Although that proposal still calls for more content, you could almost hear and feel that message throughout the fifth round of the China-US Strategic and Economic Dialogue in Washington last week, when senior officials from both sides gathered to discuss a wide range of thorny issues.
It was in sharp contrast to the rhetoric last year when Republican presidential candidate Mitt Romney made a number of "Day One" vows about getting tough with China - Obama following suit with some harsh words of his own.
It was also in sharp contrast to the buildup to the Sunnylands summit when the only words about China in the United States were allegations of Chinese cyberattacks.
The National Security Agency contractor Edward Snowden's revelations changed that: Those noisy folks that accused China of hacking US computers have kept relatively quiet lately. Yet this does not mean that the two sides have become closer on the issue.

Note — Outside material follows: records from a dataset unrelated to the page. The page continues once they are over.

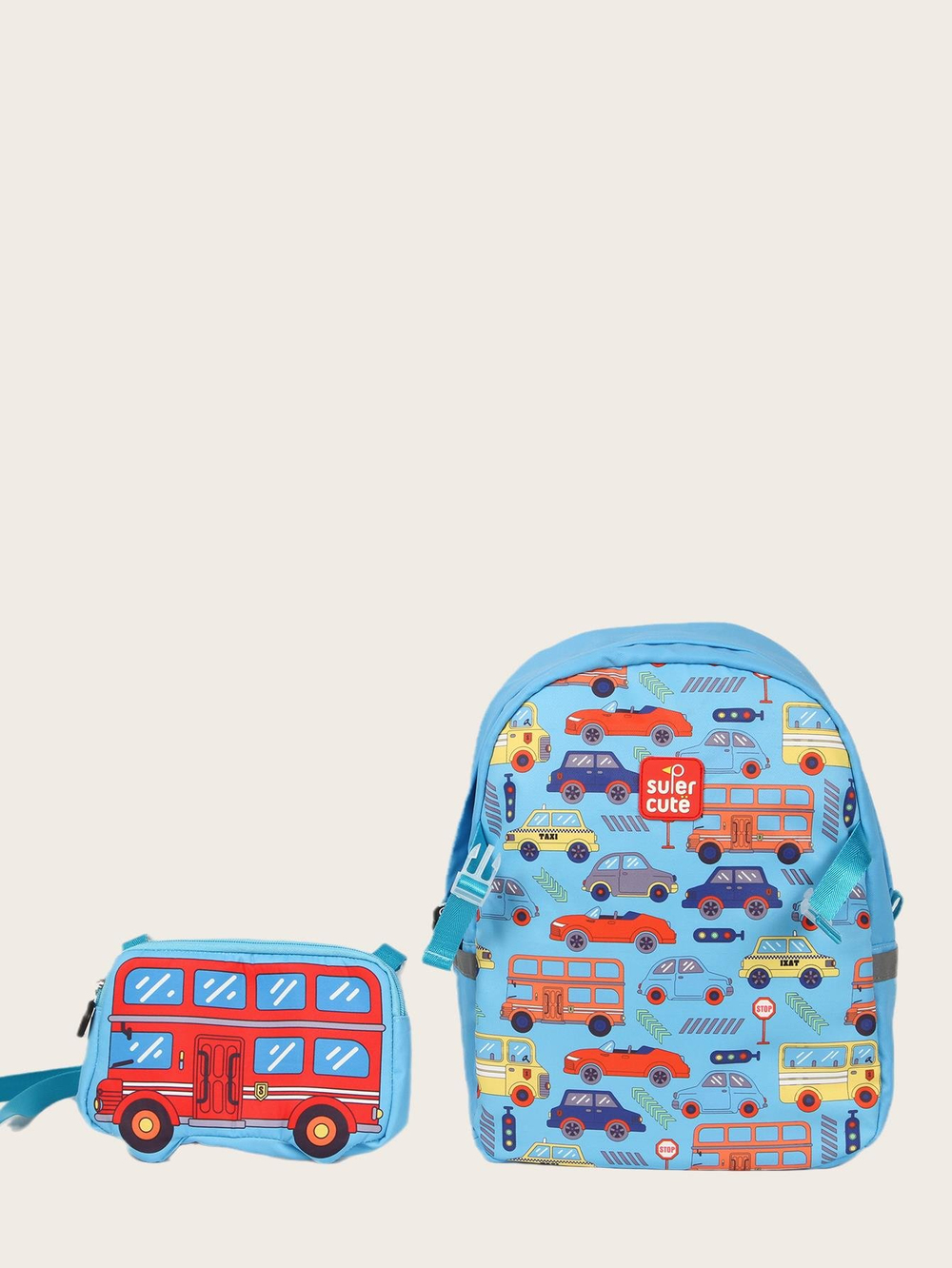 Supercute Two-in-One Big Car Sırt Çantası 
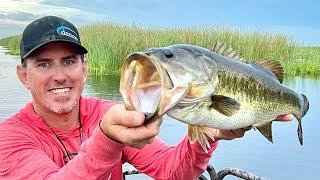 One of the BEST fishing TRIPS of my LIFE!!! Bass Catch Clean & Cook (TOP WATER EXPLOSIONS)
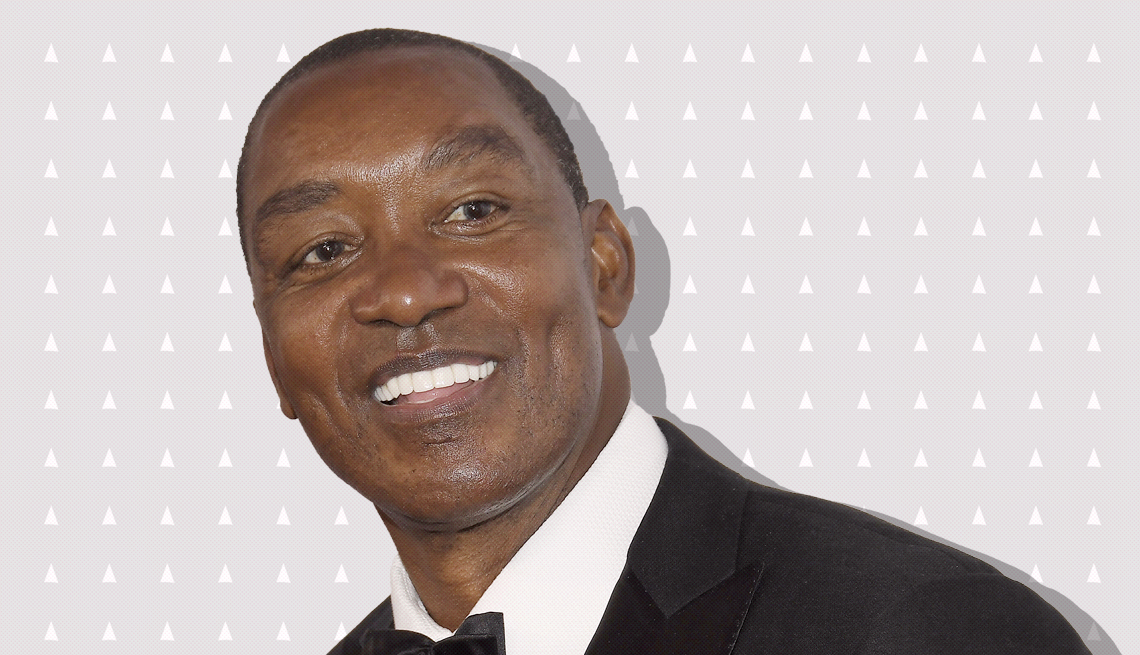 item 1 of Gallery image - isiah thomas against light gray background with mini triangles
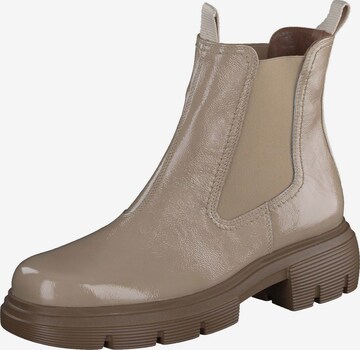 Boots chelsea di Paul Green in beige: frontale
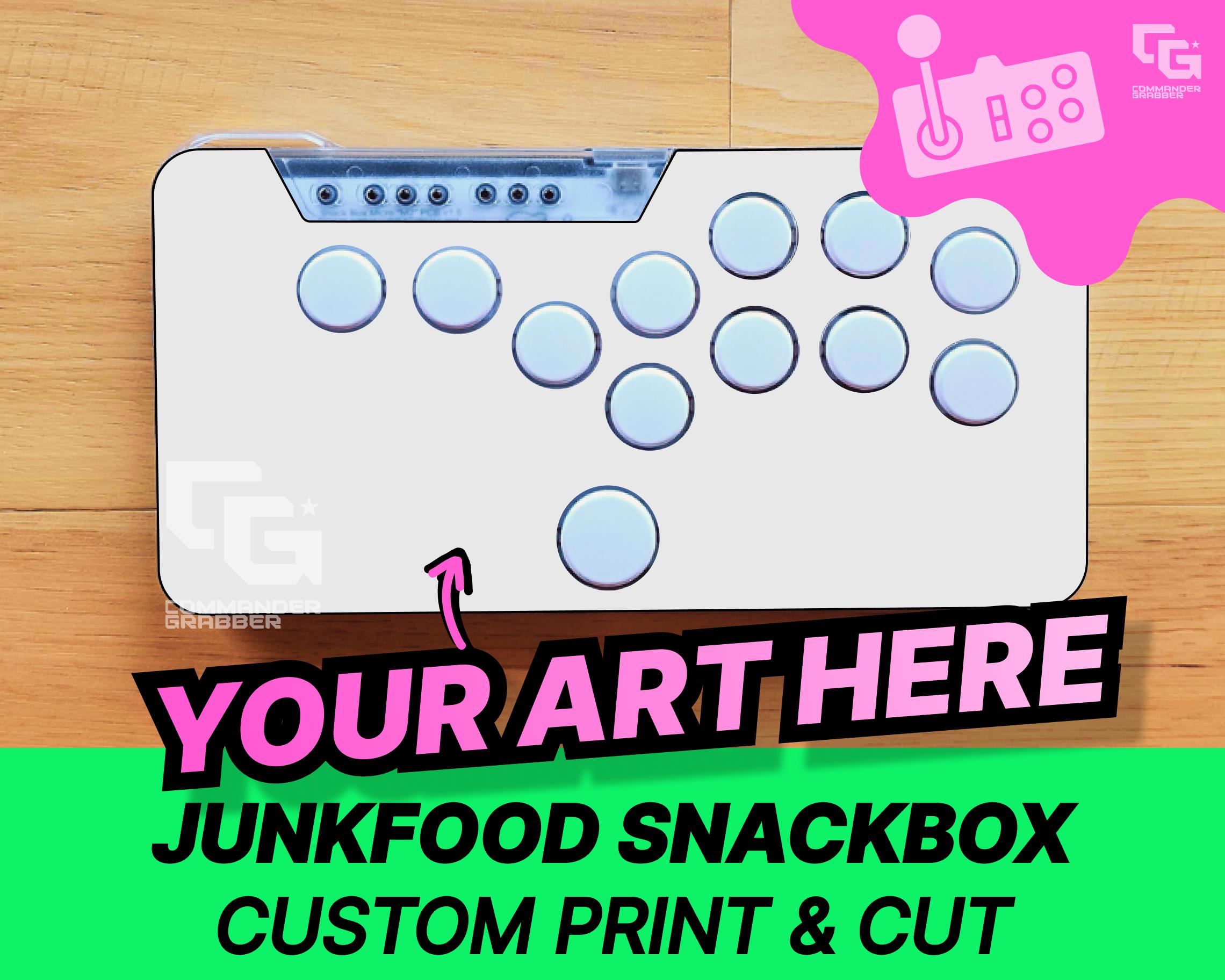 その他 Junkfood Snackbox Micro One-piece Case MICRO with One-piece Case – Junkfood Custom Arcades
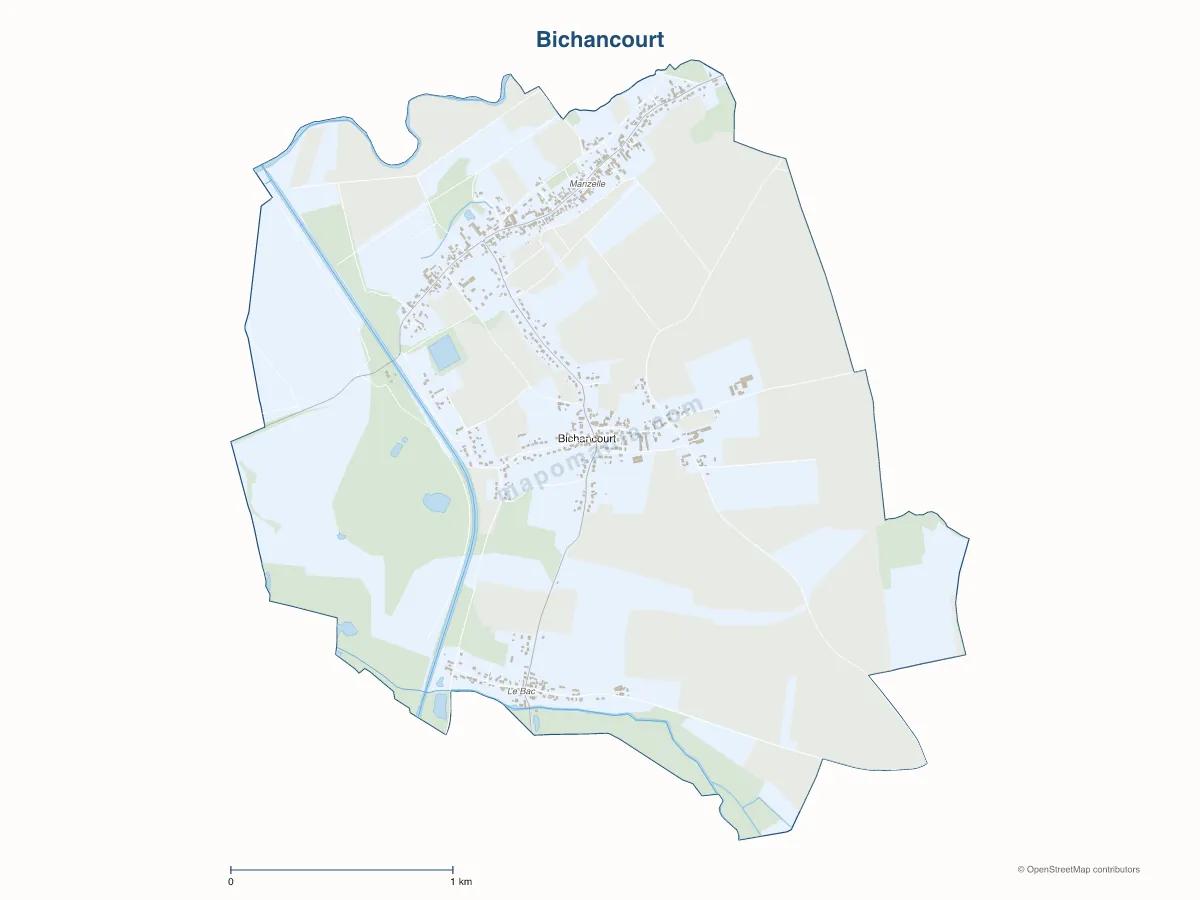 Carte de Bichancourt à personnaliser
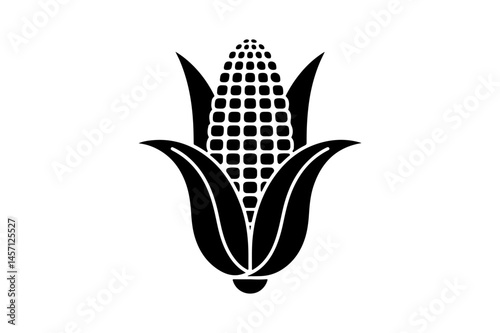 Corn icon with husk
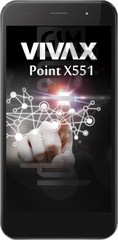 Skontrolujte IMEI VIVAX Point X551 na imei.info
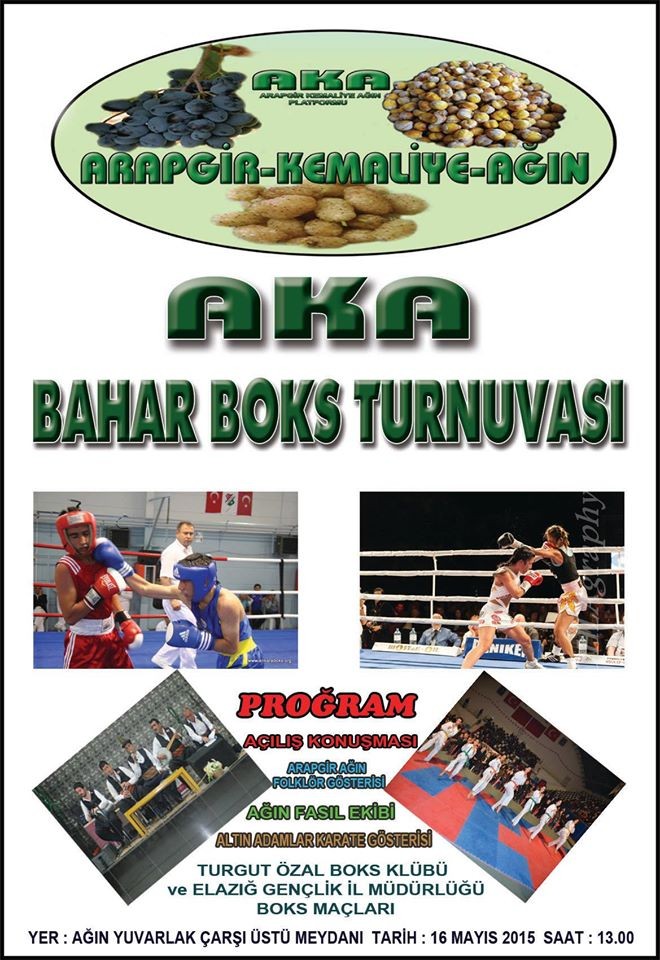 AKA BAHAR BOKS TURNUVASI ŞÖLENİ AĞIN’DA BAŞLIYOR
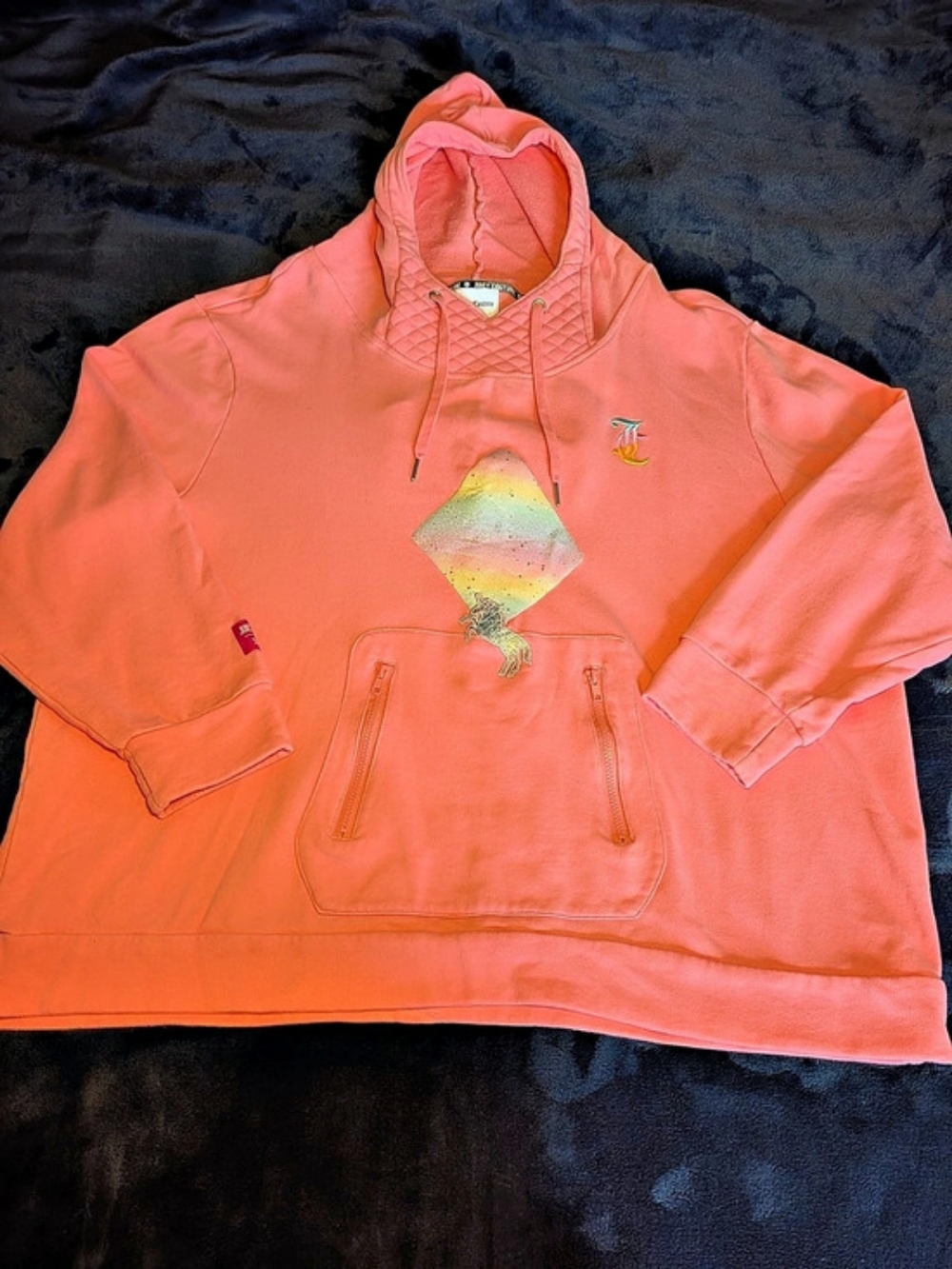 Rare Juicy Couture Graphic Pullover Hoodie Pink Size 3X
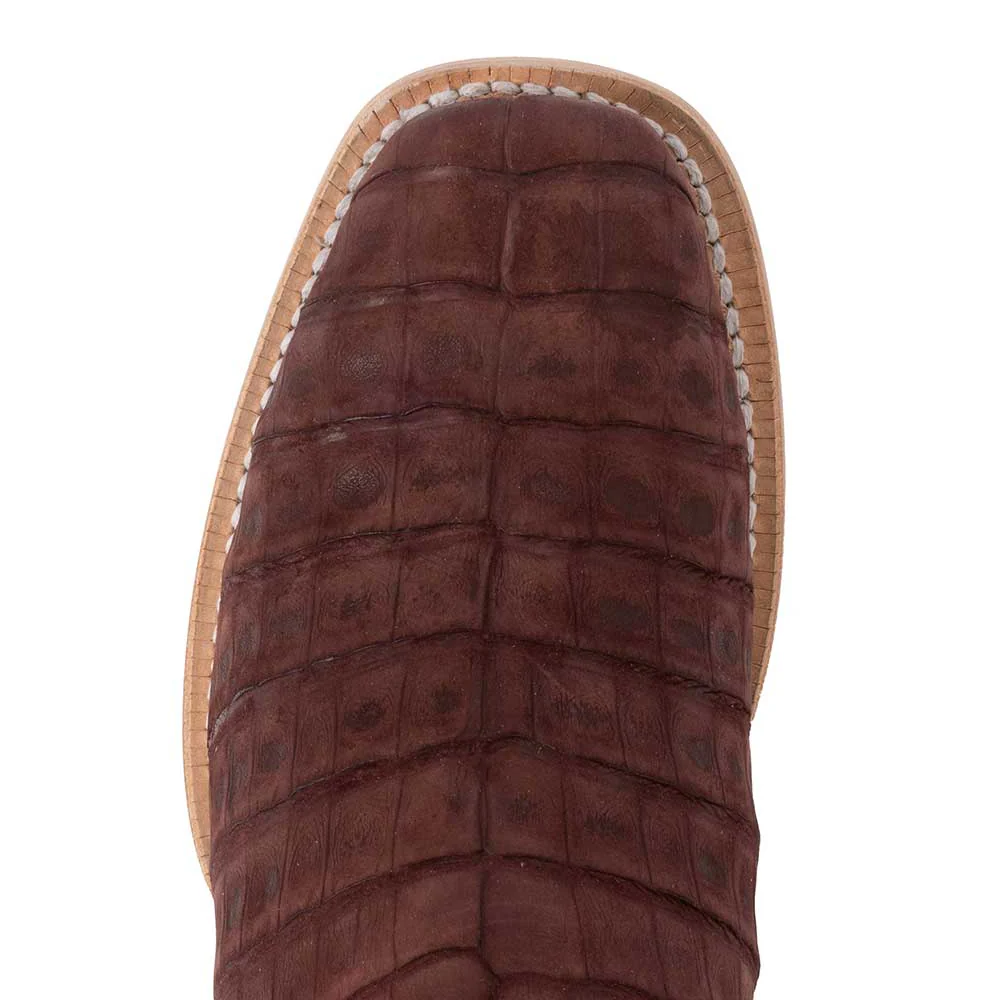 R. Watson Women's Nubuck Rhubarb Caiman Belly Cutter Toe Boot - Image 2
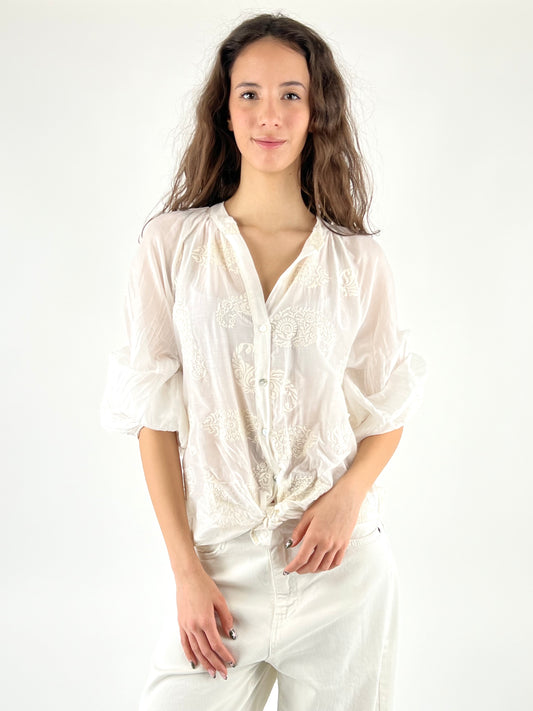 MOTEL - CAMICIA SETA RICAMI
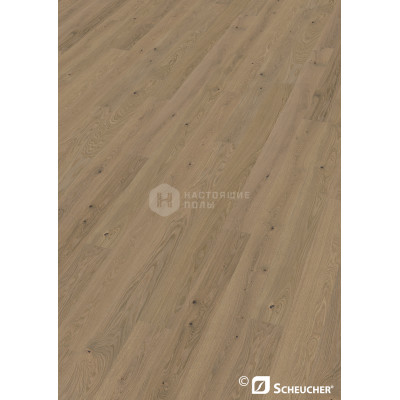 Паркетная доска Scheucher Parkett Woodflor 140 Valletta 22793 Дуб Астиг Силва брашированный под натуральным маслом однополосный, 2200*140*14 мм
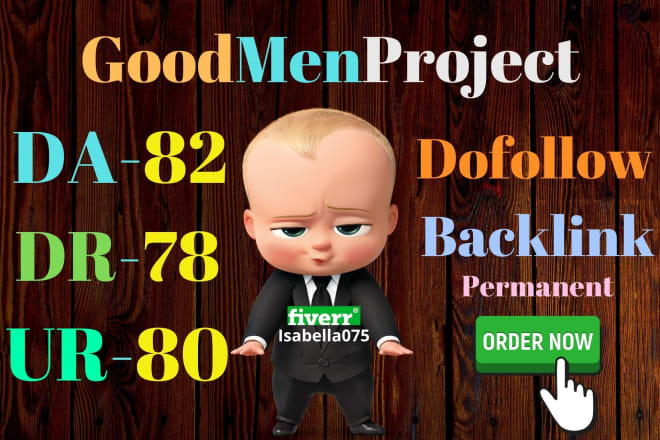 I will guest post on high quality site good men project dofollow authority backlink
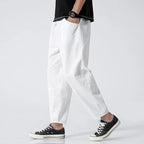 Declan | Men's Cropped Trousers with Drawstring Waist, Relaxed-Fit Casual Trousers | Everlasting Boutique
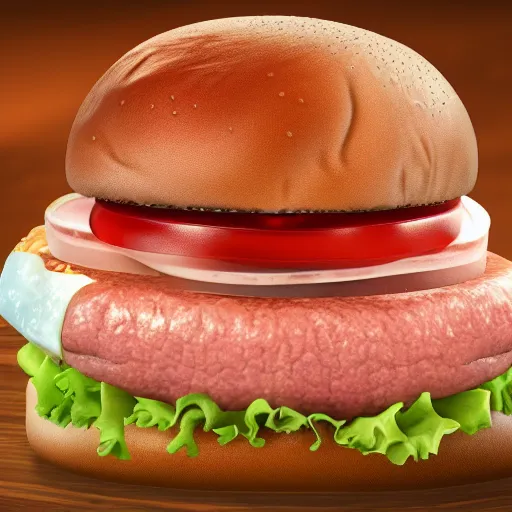 Prompt: a live blobfish inside a burger, lifelike, extremely detailed, 8k resolution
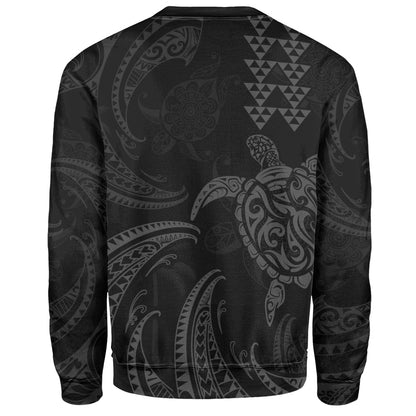 Hawaii Sweatshirt Polynesian Turtle Tribal Ocean Spirit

The US has tried to play down Snowden's disclosures, arguing that it is what every government does. However, many countries, including its allies, are furious at the excessive US spying. China, which has been a victim of repeated cyberattacks, believes that international norms on cybersecurity should be worked out through the United Nations.
No one knows when the two will reach a consensus on the issue, but the good thing is, both have agreed to discuss the issue through the newly launched working group on cybersecurity.
Another newly established group - the joint working group on climate change - actually achieved concrete results, with the world's two largest economies and two largest greenhouse gas emitters announcing five initiatives to cut emissions and reduce air pollution.
The S&ED last week identified 91 areas for further cooperation in strategic areas and both countries promised more economic, trade and investment cooperation. Both seem excited about the prospect of starting formal talks on a bilateral investment treaty.
However, differences remain, for example over the territorial disputes in the South and East China Seas, the US' restrictive policies on high-tech exports to China and the US rebalancing to Asia strategy.
Given their huge differences in political, cultural, historical and social backgrounds, the two nations will possibly have to live with some of their differences for a long time to come.
Some people have criticized the Sunnylands summit for failing to produce concrete deliverables, except the agreement on phasing out hydrofluorocarbons, potent greenhouse gases.
My feeling is that the most important success at Sunnylands was indeed the tone struck and the consensus that both sides should work together to avoid the catastrophic historical norm of conflict between a rising power and an existing power. It certainly established a clear direction for the two countries to follow.
As the co-chairs of the S&ED for the first time, Vice-Premier Wang Yang, State Councilor Yang Jiechi, and Secretary of State John Kerry and Secretary of the Treasury Jack Lew got to know each other better, paving the way for a better future working relationship. The same is true for the dozens of cabinet officials and ministers from the two governments, many of whom also met for the first time.
US officials have already praised Wang for his sense of humor. And that was a good beginning.
The four co-chairs often described their talks as a "candid discussion", which, compared to the shouting games and lecturing we have seen so often in the past, shows the relationship is maturing.